Data —

******************************

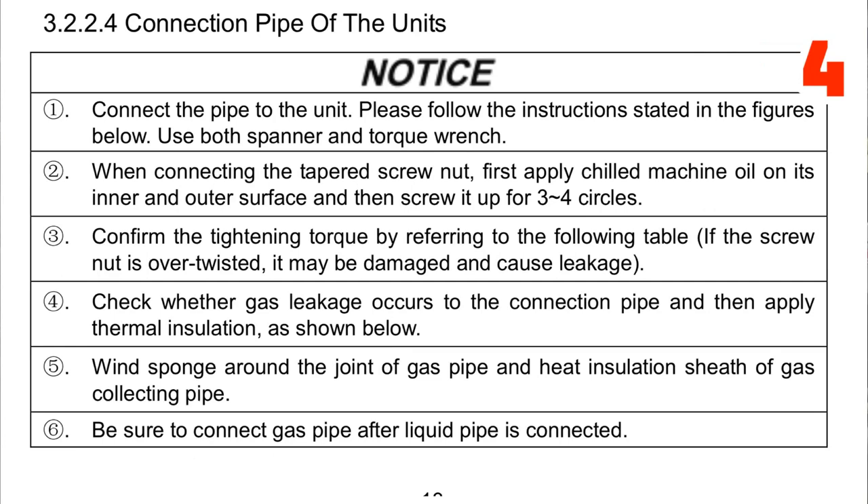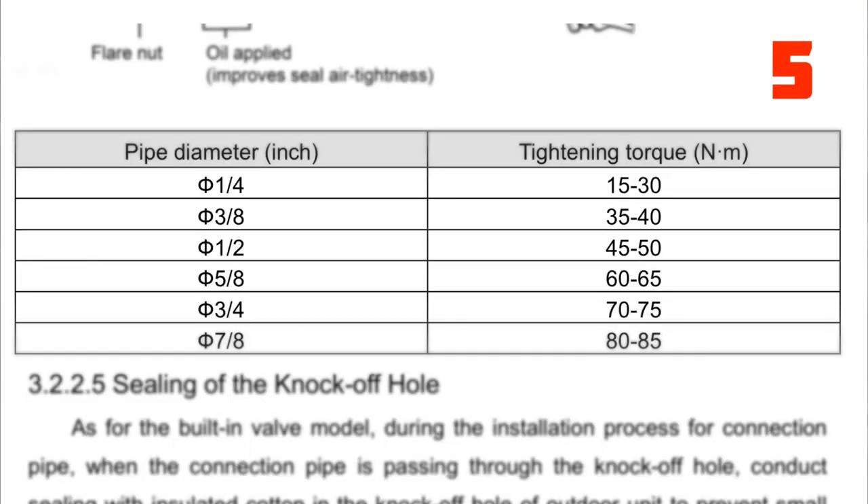I put this up here — it says: Notice, connect the pipe to the unit, please follow the instructions in the figures below. Use a spanner and torque wrench. They're very specific about using a torque wrench and they have the actual torque values — confirm the tightening torque by referring to the following table. The chart has pipe diameter and tightening torque in Newton meters: quarter-inch tubing is 15 to 30 Newton meters, 7/8-inch is 80 to 85 Newton meters. That's a pretty big range actually.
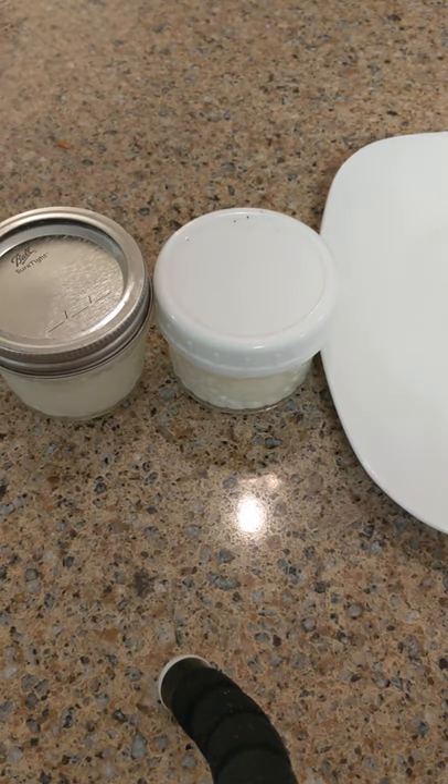Hey y'all, I wanted to give you a little overview of making probiotic kefir sour cream from your kefir grains and heavy whipping cream.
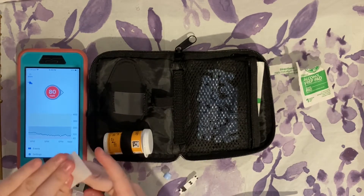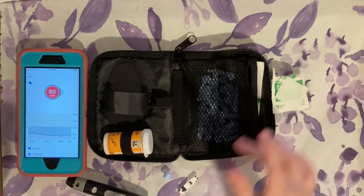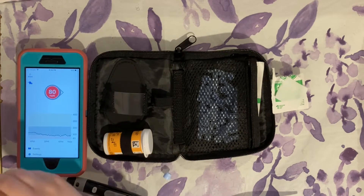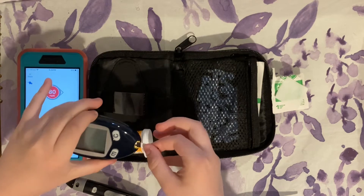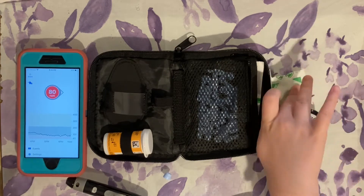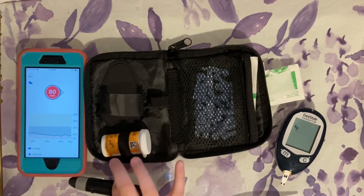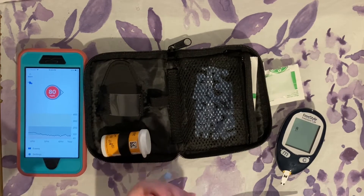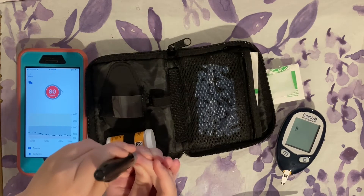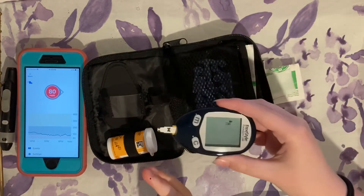I'm going to do my right middle finger. Just set the alcohol swab aside and put your test strip in your glucometer — it automatically turns on. I'm going to re-clean my finger just to be safe, and now I'm going to have my sister pinch my finger. Then press the little button to lance it — that's definitely enough blood.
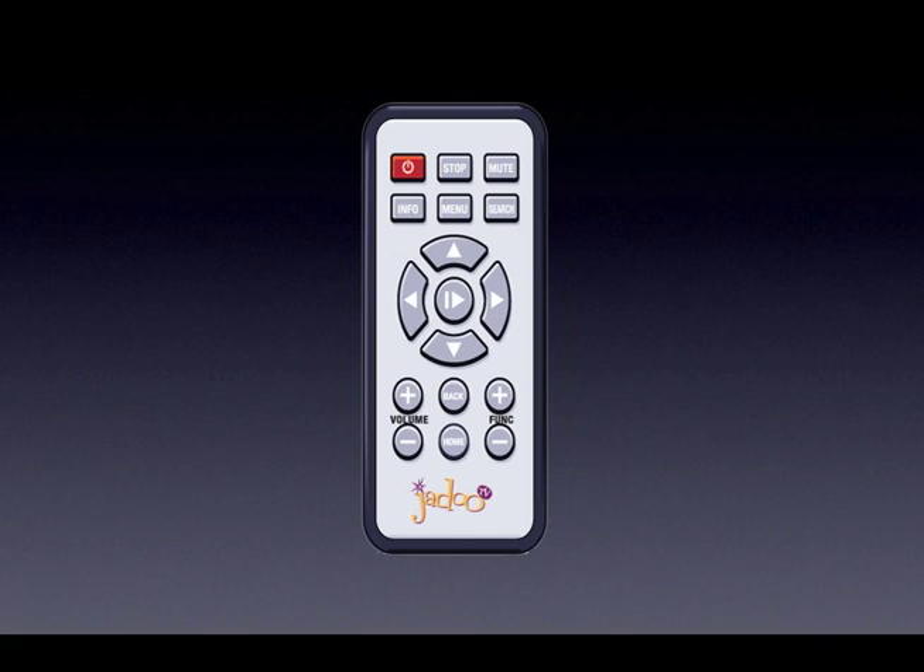The remote that comes with the Jadu box looks very similar to other remote controls you might already own. However, there are a couple of differences that you should be aware of. When moving around the screen, you will use a directional pad. To confirm each selection, use the select play button. These buttons also act as rewind and fast forward when viewing video content.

******************************

Task directions — The required output is an exact copy of the lines from the start of the material above through the line containing "Hey y'all, I", inclusive, with no pictures in it.

Solution to this exercise —
I put this up here — it says: Notice, connect the pipe to the unit, please follow the instructions in the figures below. Use a spanner and torque wrench. They're very specific about using a torque wrench and they have the actual torque values — confirm the tightening torque by referring to the following table. The chart has pipe diameter and tightening torque in Newton meters: quarter-inch tubing is 15 to 30 Newton meters, 7/8-inch is 80 to 85 Newton meters. That's a pretty big range actually.
Hey y'all, I wanted to give you a little overview of making probiotic kefir sour cream from your kefir grains and heavy whipping cream.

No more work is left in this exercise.